Vectors: a list of items that are of the same type. a <- c(). For example, fruits <- c("banana", "apple", "orange"), fruits is a vector of strings.
Factors: used to categorise data. a <- factor(). For example, music_genre <- factor(c("Jazz", "Rock", "Classic", "Classic", "Pop", "Jazz", "Rock", "Jazz")), music_genre is a factor with 4 levels Jazz, Rock, Classic, and Pop (duplicate values are ignored). It’s good practice to convert categorical independent variables to factors before running statistical analysis.
Lists: a collection of data which is ordered and changeable. a <- list(). For example, edibles <- list(c("banana", "apple", "orange"), c("tomato", "potato", "spinach"), c("rice", "bread", "noodle")), edibles is a list of vectors.
Matrices: two-dimensional object with rows and columns. a <- matrix(). For example, thismatrix <- matrix(c(1,2,3,4,5,6), nrow = 3, ncol = 2), thismatrix is a matrix with 2 columns and 3 rows.
Arrays: compared to matrices, arrays can have one, two , or more than two dimensions. a <- array(). For example, thisarray <- array(1:24), thisarray is a one-dimensional array.
Data frames: data displayed in a table-like format.a <- data.frame(). For example, df <- data.frame (Training = c("Strength", "Stamina", "Other"), Pulse = c(100, 150, 120), Duration = c(60, 30, 45)), df is a data frame with columns Training, Pulse, and Duration, with three rows of data.

Excercise 1: IQ test

Suppose I want to know whether UCL students’ IQs are significantly different from the average (100)11 Fun fact: IQ tests are specifically designed such that the average person would receive the score 100.. I randomly picked 20 students at UCL and asked them to do an IQ test.

Here are their scores: 117 125 116 113 102 122 123 93 99 129 132 94 85 92 101 83 119 119 101 97 (mean = 108.1, s.d.=15.05).

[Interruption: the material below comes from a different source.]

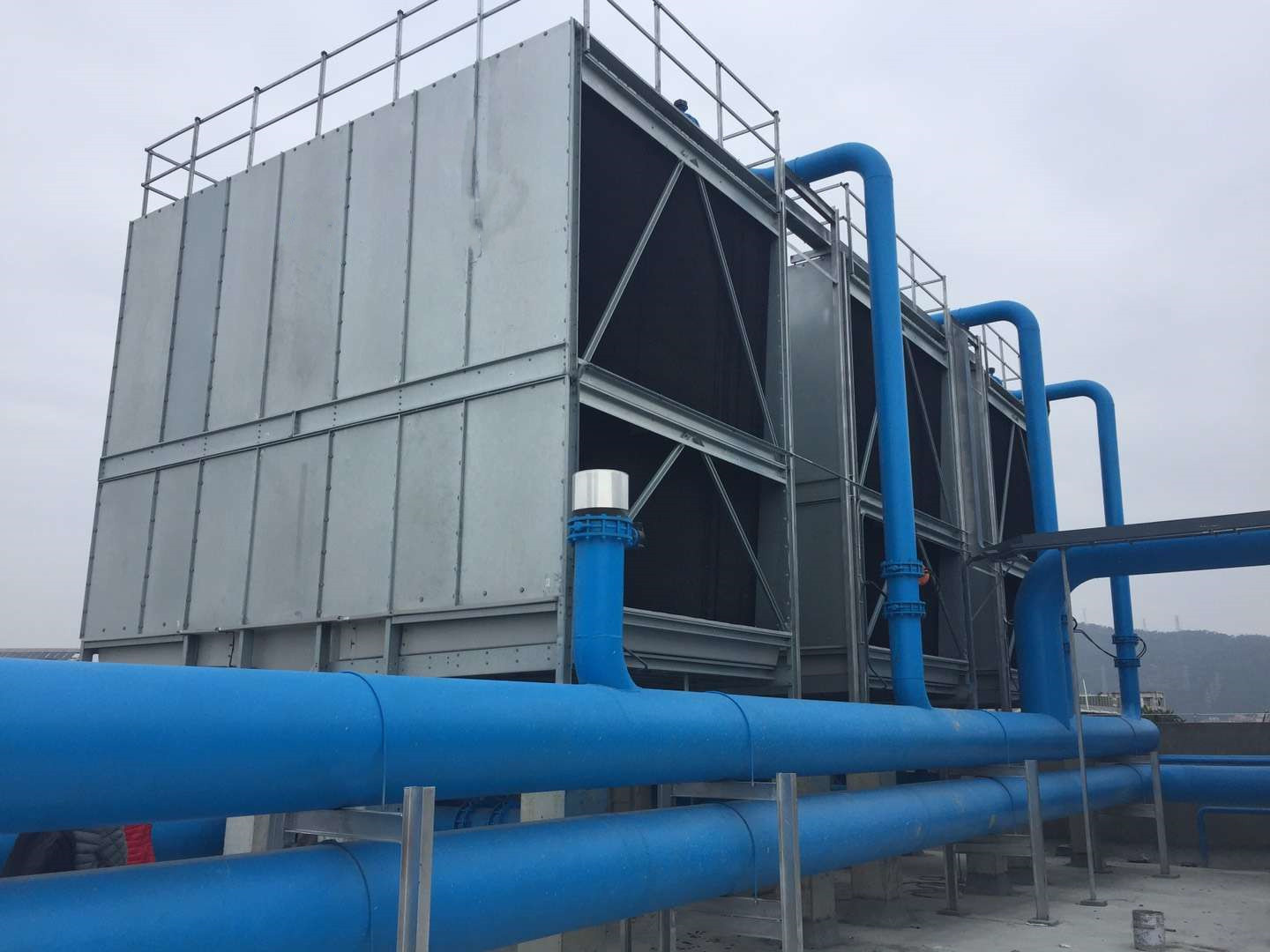 閉式冷卻塔的諸多優(yōu)勢得到了用戶們的認可!(浙江閉式冷卻塔優(yōu)勢)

Decide which test statistics to use22 This wasn’t officially part of the lecture but it should be the one sample t-test. The idea is very simple: is the mean of a group of values significantly different from a specific number?.
Decide which object type to save the collection of this data and save the data as an object. Choose between strings, vectors, and lists. Hint: We might not have talked about this in class. Try finding out the answer in the R documentation (important skill to learn!).
Calculate the mean and the standard deviation (in R).
Check whether the data are normally distributed.
Run the one sample t-test. Hint: t.test(data, mu = 100).
Are UCL students’ IQs significantly different from the average?
Report your findings in a short paragraph.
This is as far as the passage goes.